Invalid Video ID Recovery

When the YTM API rejects video IDs during sync (400/409 errors):

  1. InvalidVideoIDsError is raised with the bad IDs
  2. _evict_from_cache() removes them from the search cache
  3. The full track list is re-resolved (evicted tracks get fresh searches)
  4. Sync is retried with the corrected video IDs

Track Resolution Pipeline

resolve_tracks_to_video_ids() (src/search/resolver.py) implements the three-tier priority in a single pass over all tracks:

  1. Blacklist check - search_overrides.is_blacklisted() → skip with reason logged
  2. Override lookup - search_overrides.get() → use fixed video ID
  3. Cache lookup - search_cache.get() → use cached result (including negative NOT_FOUND sentinel)
  4. API search - find_on_ytm() → cache result, sleep SLEEP_BETWEEN_SEARCHES

Returns (video_ids, misses, track_to_vid, run_log_mappings) for downstream use.

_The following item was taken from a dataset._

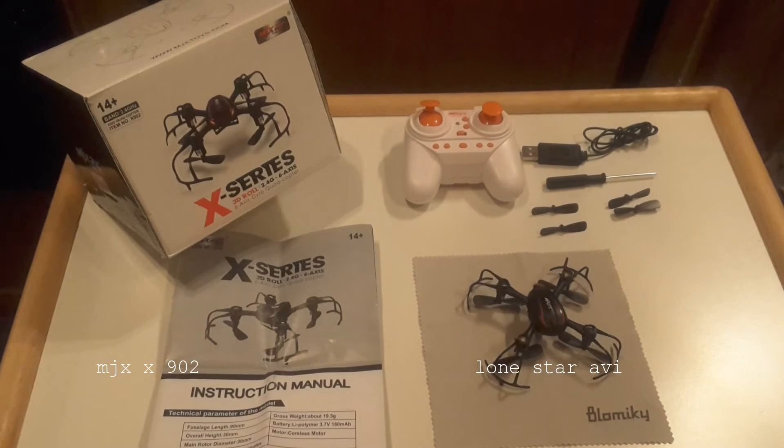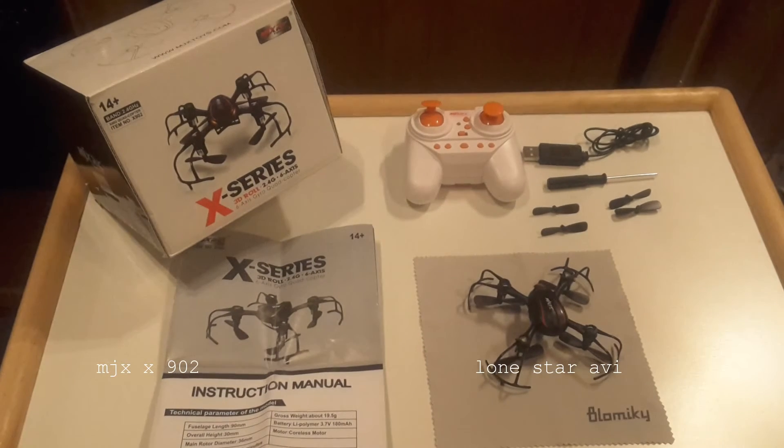This is my BlowMickey MJX X-series 902 Spyder micro drone. This is what comes in the box: your micro drone and instruction manual. The Spyder quadcopter and the transmitter are 2.4 GHz, with a 100 meter range capability. It also binds to the other remotes in the MJX family, which I think is pretty cool.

Diversity-Targeted Fetching

fetch_recent_with_diversity() (src/lastfm/fetch.py) targets unique tracks, not raw scrobble count:

  • Fetches pages of 200 scrobbles at a time
  • Counts unique (artist.lower(), track.lower()) pairs after each page
  • Stops when any of: unique tracks ≥ target_unique, total scrobbles ≥ max_raw_limit, or max_consecutive_empty pages with no new unique tracks
  • "Now playing" tracks (no timestamp) are filtered out during parsing

Tag fetching uses a separate fetch_track_tags() function that tries track.getTopTags first, falling back to artist.getTopTags if no track-level tags meet the minimum count threshold.


Recency Weighting

collapse_recency_weighted() (src/recency/weighting.py) aggregates scrobbles into unique WeightedTrack objects:

Per-track aggregation:

  • Groups by (artist.lower(), track.lower())
  • Tracks play count and most recent timestamp per track

Scoring formula:

\[\text{score} = w_{\text{play}} \times \frac{\text{plays}}{\text{max_plays}} + (1 - w_{\text{play}}) \times 0.5^{\text{age_hours} / \text{half_life}}\]
  • play_weight (\(w_{\text{play}}\)): default 0.7 (70% plays, 30% recency)
  • half_life_hours: default 24.0 - a track's recency score halves every 24 hours
  • Sorting priority: (-score, -ts, -plays) for stable ordering

Debug output: logs top 50 tracks with per-track breakdown (play count, normalized score, age, recency score, final composite).